My son's Eulogy for Andrew for wake today at 2pm
Andy was a wonderful friend, a part of my family, and typically the
mediator in our household. If he wasn't working to pay the bills, odds are
you could find him watching football, napping in his chair, or quite
possibly doing something in between. When you talked to him, you knew he
was listening, which to me is a luxury and an unusual gift coming from a
deaf man. He kept the family together during the worst of times, and
during good times, he would share. More than anything he made my mother
happier than I had ever seen her in my whole entire life.
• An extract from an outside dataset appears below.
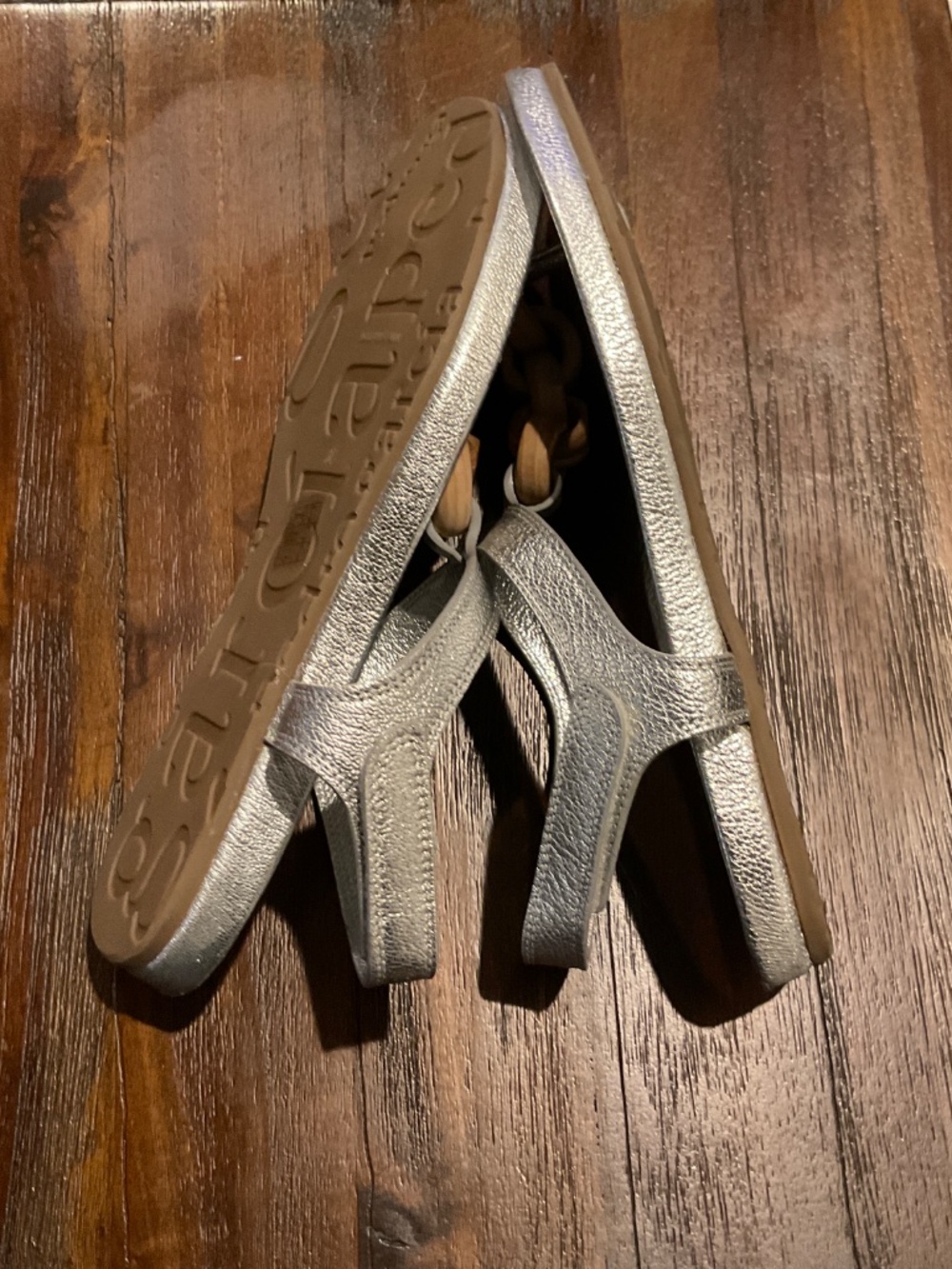 NWOT Pedro Garcia Janira Ankle Strap Silver Leather Sandal Size EU 37/ US 6.5-7 - Picture 6 of 9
He had been with my mother for nearly a decade. Before he came around I
remember seeing my mother raise my brother and I literally hanging on
every last dime she could. I remember how lonely she was, and how it
seemed like there was this hole where you could see right through her.
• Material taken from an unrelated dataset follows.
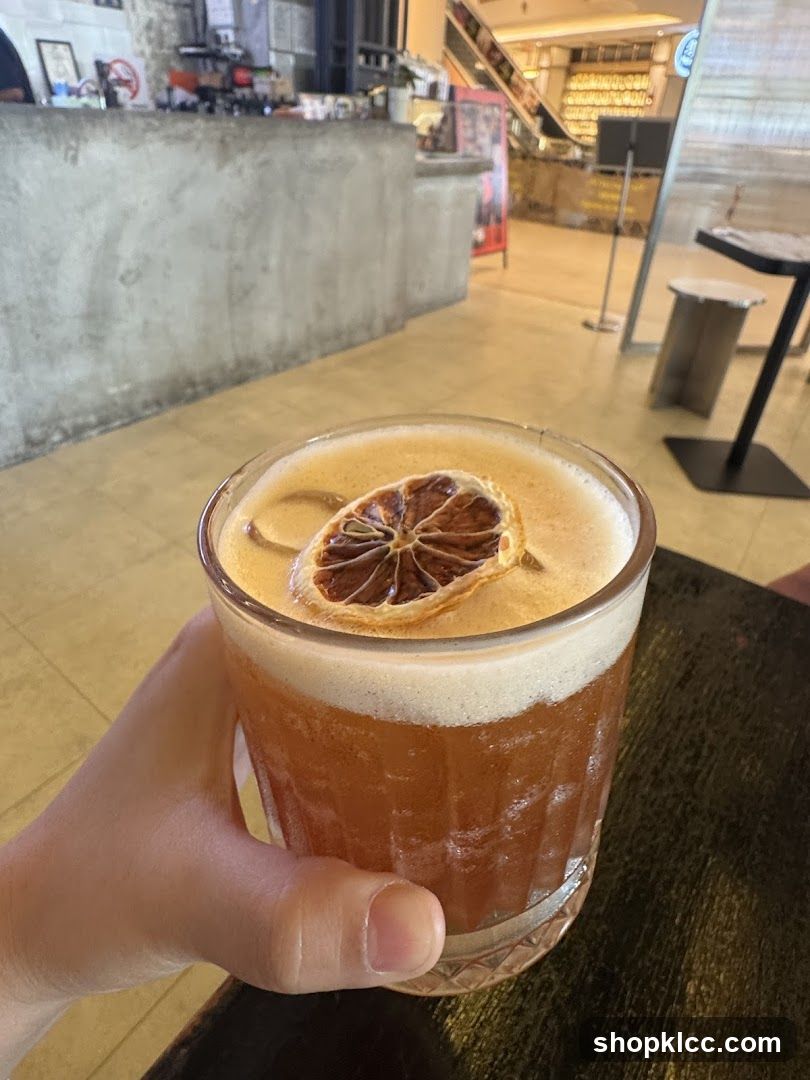 Drink with Dried Orange Slice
Worse than that, there was an even larger rift between myself and my
mother. I remember when I first met Andy. I thought to myself "Who the
hell does this guy think he is?" I feel like a fool for saying it now but
it's true.
One Christmas we were looking at a very bleak time. Heating bills were
ridiculous, there was no way my brother or I could have gotten really
anything we wanted. During that time, Andy drove this really awful little
red car. I joked with him calling it the clown-mobile. Andy came into some
extra money that winter, and instead of spending it on himself getting a
car to replace the one that stuck out like TNT exploding in a snowstorm,
he used the money to buy gifts for the family. That's the kind of guy he
was. Sure, he wanted to win the lottery, and have money in his pocket; but
the only reason was so that he could give to the people he loved. He never
gave a damn about buying a Ferrari or owning a gold plated toilet seat.
His dreams were always pretty simple. Buy a house, help my brother and I
go to college, make my mother happy etc, etc, etc. Then again, I'm sure
Super bowl tickets wouldn't have hurt either.
I never understood Andy's fascination with football, nor really understood
football itself. Although, from time to time, it was always interesting to
simply sit on the couch just to see how animated he would be. Football was
a big part of his life. For the whole season, every single year, that was
what got him going. When it was over, he would already be ready to find
out who was the next big player, or which teams were doing what. I
remember many a late-night with him napping on his chair, and then waking
up in celebration over the score on the television.
During the hardest times of all, my mother and I would fight pretty much
non-stop about the most ridiculous issues you could think of.: Dishes,
hair dye stains in the bathroom, cheese's. Literally, the dumbest things
you could think of. Andy had a talent for stepping in and resolving these
things. Even more so, he did it in such a way where he wouldn't let you
actually know how stupid you were being. He didn't like making anyone feel
less about themselves even if they deserved it.
More than anything he made my mother happy. He accepted her exactly as she was, and accepted my family exactly as we were. More than that he grew with us, he lived with us, he became one of us. In a way I'd like to think
we became a part of him. We miss and love him as my Dad.